Dans le cadre de la présélection de trois films du GREC aux César 2024 (deux court-métrages de fiction et un court-métrage documentaire), les réalisateur.rices des films se sont prêté.e.s au jeu de présenter leur travail à travers leurs comédien.ne.s.
Voici De la folie des hamsters de Juliette Marrécau, par Anaëlle Fournier et Juliette Savary, comédiennes principales du film.

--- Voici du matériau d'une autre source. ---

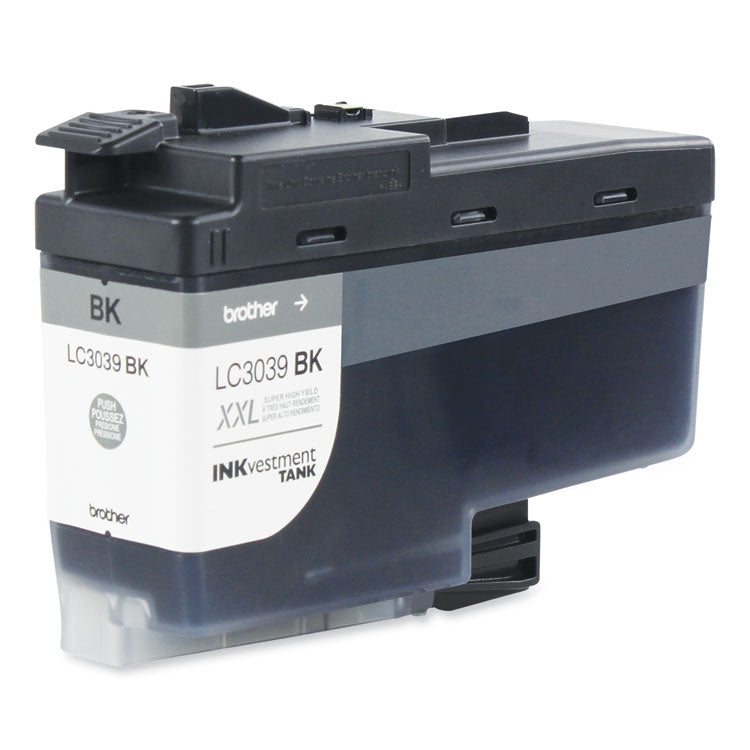 LC3039BKS INKvestment Ultra High-Yield Ink, 6,000 Page-Yield, Black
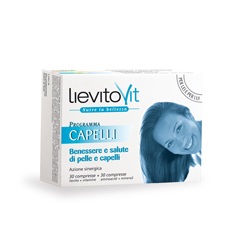 LIEVITOVIT PROGRAMMA CAPELLI 60 COMPRESSE - Farmacia De Pasquale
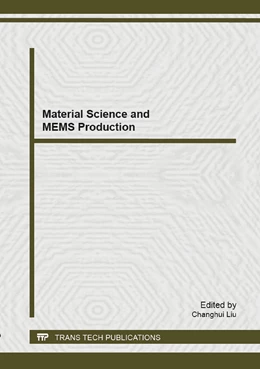 Abbildung von Liu | Material Science and MEMS Production | 1. Auflage | 2014 | beck-shop.de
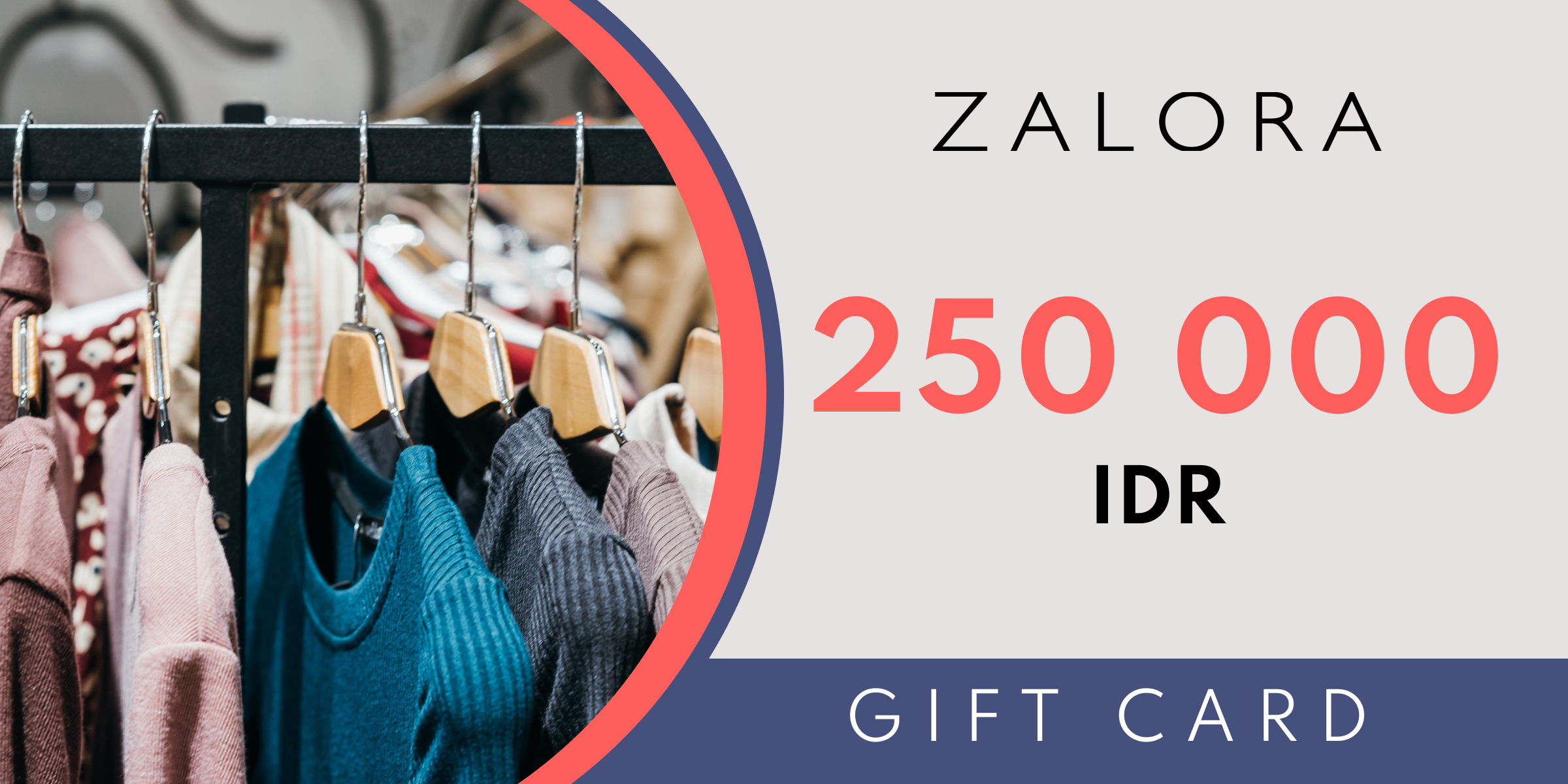 Zalora Gift Card 250000 IDR
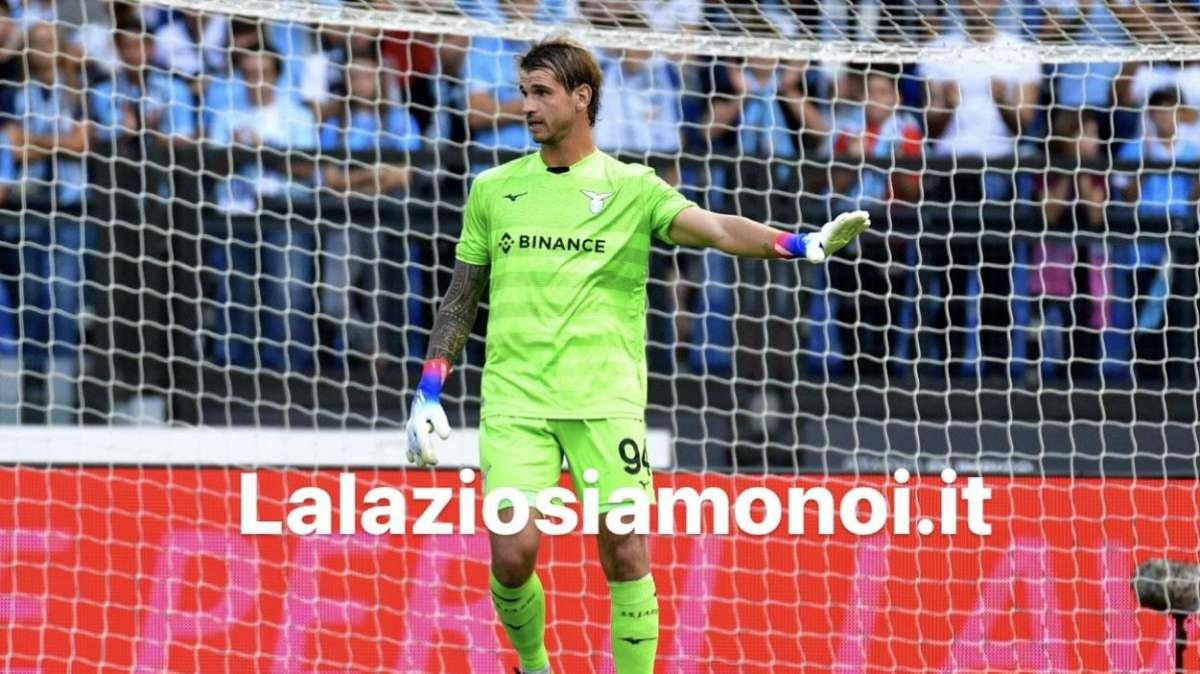 Lazio, finimondo Provedel: tra i 10 portieri meno battuti della storia
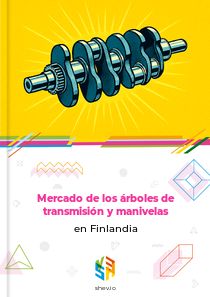Mercado de los árboles de transmisión y manivelas en Finlandia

Voici également un portrait thématique du film par Juliette Marrécau !
Si le film était…
Un animal: un hamster, évidemment
Une couleur: couleur arc-en-ciel ou le refus de choisir une couleur
Un instrument de musique: un piano avec de la pâte à fixe sur les cordes
Un livre (recueil, roman, etc.): Éloge du risque, d’Anne Dufourmantelle
Un vêtement: une fausse fourrure rose
Une confiserie: un arlequin
Un lieu: un salon squatté
Une fleur: un cosmos rose
Un élément: la terre
Un moyen de transport: le car qui part de Bercy
Une figure géométrique: le rond
Un objet: une brosse à dent
Un jour de la semaine: le lundi pour « comme un lundi »
Une saison: l’automne
Un métier: Deratiseur
Un sport: le Feldenkrais
Une planète: Mars
Une odeur: le renfermé
Un sentiment: la solitude
Un jeu: le twister
Un plat: des pâtes au fromage
Une chanson: la composition originale de Pierre Fourchard pour le film
« Aussi grande que l’Everest
j’obéirai au maître
je mettrai la grande veste
pour partir en un geste
complètement à l’Ouest »
Nous avons également demandé aux réalisateur.rices de confectionner une vidéo de présentation de leurs films, dans l'esprit de ceux-ci !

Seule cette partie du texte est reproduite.